The law also is silent on requiring athletes to disclose NIL deals, which would be required under the NCAA's proposed rules, and on athletes having deals that conflict with school contracts.

Florida

The name, image and likeness law in Florida is unique in what it doesn't address.
The name, image and likeness law in Florida is unique in what it doesn't address.

What makes Florida’s law notable is what it doesn’t say. The NCAA’s proposed rules changes say an athlete would not be able to have an NIL deal involving a product or service that “conflicts with NCAA legislation (e.g., sports wagering, banned substances).” They also say schools would have the discretion to prohibit athletes from having an NIL deal “based on other considerations, such as conflict with institutional values, as defined by the institution.”

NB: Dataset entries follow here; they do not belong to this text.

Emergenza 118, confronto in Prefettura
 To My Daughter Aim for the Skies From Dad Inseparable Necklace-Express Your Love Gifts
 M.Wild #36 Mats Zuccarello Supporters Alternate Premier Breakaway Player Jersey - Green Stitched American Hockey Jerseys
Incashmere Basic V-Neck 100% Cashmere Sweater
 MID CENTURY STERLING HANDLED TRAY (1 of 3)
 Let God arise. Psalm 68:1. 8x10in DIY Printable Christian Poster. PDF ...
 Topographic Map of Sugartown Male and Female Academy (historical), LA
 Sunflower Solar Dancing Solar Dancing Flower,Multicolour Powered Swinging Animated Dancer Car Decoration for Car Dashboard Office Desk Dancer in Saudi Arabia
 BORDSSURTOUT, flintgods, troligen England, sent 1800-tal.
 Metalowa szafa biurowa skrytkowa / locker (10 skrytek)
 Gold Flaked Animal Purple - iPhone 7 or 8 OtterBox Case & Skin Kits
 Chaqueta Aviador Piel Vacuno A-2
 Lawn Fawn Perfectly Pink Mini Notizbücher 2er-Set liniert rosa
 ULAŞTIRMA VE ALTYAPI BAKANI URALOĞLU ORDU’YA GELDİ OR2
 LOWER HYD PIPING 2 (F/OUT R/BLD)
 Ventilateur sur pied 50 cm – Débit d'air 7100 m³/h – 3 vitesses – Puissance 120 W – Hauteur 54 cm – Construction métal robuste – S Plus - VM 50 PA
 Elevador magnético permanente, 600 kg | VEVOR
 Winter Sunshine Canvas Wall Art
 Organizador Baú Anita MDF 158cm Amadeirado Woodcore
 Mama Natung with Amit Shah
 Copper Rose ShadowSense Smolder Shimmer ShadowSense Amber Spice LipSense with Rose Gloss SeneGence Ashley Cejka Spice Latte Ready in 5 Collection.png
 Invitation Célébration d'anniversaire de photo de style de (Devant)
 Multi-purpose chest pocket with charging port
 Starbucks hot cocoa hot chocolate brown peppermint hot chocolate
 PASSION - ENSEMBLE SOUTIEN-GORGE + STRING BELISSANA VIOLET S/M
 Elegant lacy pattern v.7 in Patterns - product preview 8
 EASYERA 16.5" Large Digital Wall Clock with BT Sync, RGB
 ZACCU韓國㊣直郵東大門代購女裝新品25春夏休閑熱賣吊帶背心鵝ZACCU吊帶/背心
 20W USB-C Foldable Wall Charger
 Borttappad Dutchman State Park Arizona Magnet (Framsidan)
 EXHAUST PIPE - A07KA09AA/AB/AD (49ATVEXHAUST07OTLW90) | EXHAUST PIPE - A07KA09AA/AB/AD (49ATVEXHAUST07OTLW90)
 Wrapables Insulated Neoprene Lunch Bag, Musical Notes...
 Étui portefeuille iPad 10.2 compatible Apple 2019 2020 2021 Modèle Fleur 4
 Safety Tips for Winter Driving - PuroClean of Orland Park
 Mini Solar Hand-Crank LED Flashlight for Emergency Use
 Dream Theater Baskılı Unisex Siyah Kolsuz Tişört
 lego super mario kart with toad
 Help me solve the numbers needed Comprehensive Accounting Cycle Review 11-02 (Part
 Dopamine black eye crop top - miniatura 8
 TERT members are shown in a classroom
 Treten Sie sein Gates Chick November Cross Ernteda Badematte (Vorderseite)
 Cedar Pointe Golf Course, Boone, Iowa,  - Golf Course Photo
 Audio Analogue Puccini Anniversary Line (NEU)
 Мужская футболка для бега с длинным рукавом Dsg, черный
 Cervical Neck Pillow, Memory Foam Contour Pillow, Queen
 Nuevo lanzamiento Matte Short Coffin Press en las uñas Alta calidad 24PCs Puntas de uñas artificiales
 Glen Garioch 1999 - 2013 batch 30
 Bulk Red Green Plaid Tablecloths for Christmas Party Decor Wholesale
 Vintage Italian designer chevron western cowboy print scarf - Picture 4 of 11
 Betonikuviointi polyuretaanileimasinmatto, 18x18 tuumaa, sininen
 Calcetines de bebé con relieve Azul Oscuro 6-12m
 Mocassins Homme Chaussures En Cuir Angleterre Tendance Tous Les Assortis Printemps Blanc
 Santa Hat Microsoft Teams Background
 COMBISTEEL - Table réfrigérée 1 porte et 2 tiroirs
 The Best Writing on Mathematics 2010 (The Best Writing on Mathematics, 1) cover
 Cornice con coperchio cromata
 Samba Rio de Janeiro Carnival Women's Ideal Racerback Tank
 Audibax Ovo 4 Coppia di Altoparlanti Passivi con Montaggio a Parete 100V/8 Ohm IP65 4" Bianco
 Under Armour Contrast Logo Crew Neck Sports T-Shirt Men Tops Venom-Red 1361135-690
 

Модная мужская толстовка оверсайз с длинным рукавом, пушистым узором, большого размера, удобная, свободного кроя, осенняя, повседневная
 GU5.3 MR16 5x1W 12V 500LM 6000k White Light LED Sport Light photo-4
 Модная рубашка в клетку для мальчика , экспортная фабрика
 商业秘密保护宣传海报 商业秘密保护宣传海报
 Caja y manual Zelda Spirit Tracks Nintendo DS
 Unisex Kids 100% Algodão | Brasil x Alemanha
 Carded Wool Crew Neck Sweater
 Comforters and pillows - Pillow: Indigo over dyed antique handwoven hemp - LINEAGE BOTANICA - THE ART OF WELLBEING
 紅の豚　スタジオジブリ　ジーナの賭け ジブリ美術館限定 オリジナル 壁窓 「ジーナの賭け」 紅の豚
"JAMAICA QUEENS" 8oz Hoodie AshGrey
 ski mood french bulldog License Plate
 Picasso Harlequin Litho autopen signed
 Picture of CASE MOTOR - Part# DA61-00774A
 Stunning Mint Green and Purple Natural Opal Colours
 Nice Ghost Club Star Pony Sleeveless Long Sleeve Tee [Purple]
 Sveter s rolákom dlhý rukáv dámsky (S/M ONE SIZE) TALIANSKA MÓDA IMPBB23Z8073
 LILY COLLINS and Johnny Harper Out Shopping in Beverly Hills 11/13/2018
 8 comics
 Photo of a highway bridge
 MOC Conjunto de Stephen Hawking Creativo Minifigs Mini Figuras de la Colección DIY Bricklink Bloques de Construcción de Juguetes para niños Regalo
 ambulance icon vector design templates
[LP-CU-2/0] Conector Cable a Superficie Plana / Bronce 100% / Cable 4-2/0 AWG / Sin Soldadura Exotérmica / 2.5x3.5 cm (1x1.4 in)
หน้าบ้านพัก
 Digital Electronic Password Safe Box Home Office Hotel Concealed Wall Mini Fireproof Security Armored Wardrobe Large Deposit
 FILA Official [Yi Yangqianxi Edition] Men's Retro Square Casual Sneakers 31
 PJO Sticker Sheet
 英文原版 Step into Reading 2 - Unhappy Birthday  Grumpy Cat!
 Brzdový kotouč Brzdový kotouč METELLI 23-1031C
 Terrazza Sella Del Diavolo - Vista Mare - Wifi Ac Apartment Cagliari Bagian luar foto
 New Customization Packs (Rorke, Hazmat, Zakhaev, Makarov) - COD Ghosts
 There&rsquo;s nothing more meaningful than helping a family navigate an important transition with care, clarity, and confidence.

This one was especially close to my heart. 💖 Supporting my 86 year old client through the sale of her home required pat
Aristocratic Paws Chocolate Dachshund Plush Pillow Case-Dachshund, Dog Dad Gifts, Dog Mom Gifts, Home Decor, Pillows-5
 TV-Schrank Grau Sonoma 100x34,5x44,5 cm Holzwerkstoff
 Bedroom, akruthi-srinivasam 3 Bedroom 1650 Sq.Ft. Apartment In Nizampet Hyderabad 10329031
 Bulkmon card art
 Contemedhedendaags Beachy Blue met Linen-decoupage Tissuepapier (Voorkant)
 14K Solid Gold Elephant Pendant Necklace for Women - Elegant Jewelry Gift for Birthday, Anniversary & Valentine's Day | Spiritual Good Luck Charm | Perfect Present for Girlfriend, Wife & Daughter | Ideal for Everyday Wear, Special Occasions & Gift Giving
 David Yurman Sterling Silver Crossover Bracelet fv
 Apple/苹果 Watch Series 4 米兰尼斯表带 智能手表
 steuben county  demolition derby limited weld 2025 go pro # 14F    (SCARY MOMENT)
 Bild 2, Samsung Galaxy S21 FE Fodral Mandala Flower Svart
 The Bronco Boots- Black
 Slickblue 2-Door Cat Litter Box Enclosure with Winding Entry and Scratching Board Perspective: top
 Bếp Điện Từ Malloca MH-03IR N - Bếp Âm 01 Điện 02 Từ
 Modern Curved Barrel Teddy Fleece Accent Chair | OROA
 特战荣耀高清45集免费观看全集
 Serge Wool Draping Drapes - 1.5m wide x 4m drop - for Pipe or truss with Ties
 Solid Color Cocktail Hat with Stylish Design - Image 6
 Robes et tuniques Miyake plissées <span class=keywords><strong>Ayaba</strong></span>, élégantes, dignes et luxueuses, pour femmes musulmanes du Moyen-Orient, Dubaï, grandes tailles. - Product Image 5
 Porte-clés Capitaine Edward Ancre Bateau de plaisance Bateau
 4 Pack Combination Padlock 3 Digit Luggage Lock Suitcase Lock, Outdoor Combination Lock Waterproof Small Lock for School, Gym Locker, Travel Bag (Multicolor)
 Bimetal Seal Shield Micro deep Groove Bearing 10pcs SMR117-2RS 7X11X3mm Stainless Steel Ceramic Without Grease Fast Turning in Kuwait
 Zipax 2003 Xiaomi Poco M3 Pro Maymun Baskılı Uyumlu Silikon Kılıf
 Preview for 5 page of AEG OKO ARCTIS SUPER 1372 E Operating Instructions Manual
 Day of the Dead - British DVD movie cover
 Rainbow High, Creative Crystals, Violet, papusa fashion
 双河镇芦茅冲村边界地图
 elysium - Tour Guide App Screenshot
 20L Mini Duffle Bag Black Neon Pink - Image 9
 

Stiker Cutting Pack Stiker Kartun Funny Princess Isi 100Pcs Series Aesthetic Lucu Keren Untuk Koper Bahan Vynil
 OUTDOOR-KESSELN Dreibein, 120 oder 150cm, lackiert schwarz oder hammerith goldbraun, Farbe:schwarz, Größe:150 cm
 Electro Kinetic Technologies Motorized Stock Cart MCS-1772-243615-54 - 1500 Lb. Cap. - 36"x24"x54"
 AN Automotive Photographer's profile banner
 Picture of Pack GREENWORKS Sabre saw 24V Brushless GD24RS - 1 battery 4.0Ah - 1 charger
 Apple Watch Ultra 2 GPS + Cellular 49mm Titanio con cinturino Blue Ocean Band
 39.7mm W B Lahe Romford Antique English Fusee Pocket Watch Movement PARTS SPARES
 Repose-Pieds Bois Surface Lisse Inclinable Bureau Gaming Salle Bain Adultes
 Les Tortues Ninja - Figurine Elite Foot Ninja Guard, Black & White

Except for barring deals that conflict with school contracts, Florida’s law is silent on these types of prohibitions. The law requires the State University System of Florida’s governing board, which oversees all of the major public schools, to adopt rules and regulations concerning the law’s implementation. Proposed regulations available for public comment through yesterday also are silent on these issues.

But even if the board does implement some regulations along these lines, they will not be binding on the University of Miami, which is a private school. Miami is bound only by state law, said Corey Staniscia, chief legislative assistant to state Rep. Chip LaMarca, who authored the law.